● Your goal
When you copy the listing, reproduce each line as it appears and omit every image.

● Information supplied
-------------------------

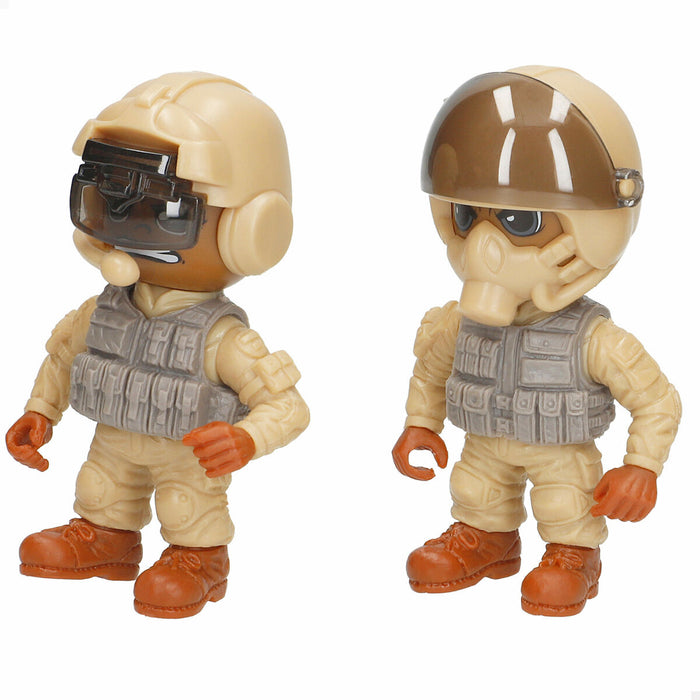 Playset Colorbaby 5 X 8,5 X 3,5 CM (6 броя)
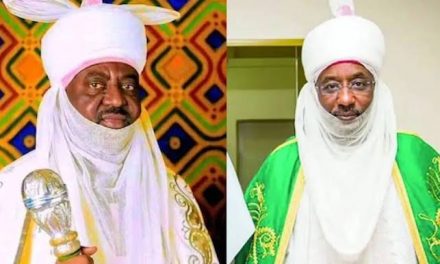 Court Orders Kano Government To Pay Aminu Bayero N10 Million For Violation Of His Rights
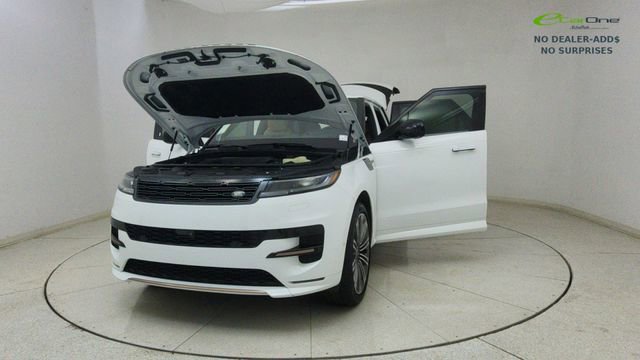 Used 2025 Land Rover Range Rover Sport Dynamic SE AWD/4WD image 74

-------------------------

● Answer section
 Playset Colorbaby 5 X 8,5 X 3,5 CM (6 броя)
 Court Orders Kano Government To Pay Aminu Bayero N10 Million For Violation Of His Rights
 Used 2025 Land Rover Range Rover Sport Dynamic SE AWD/4WD image 74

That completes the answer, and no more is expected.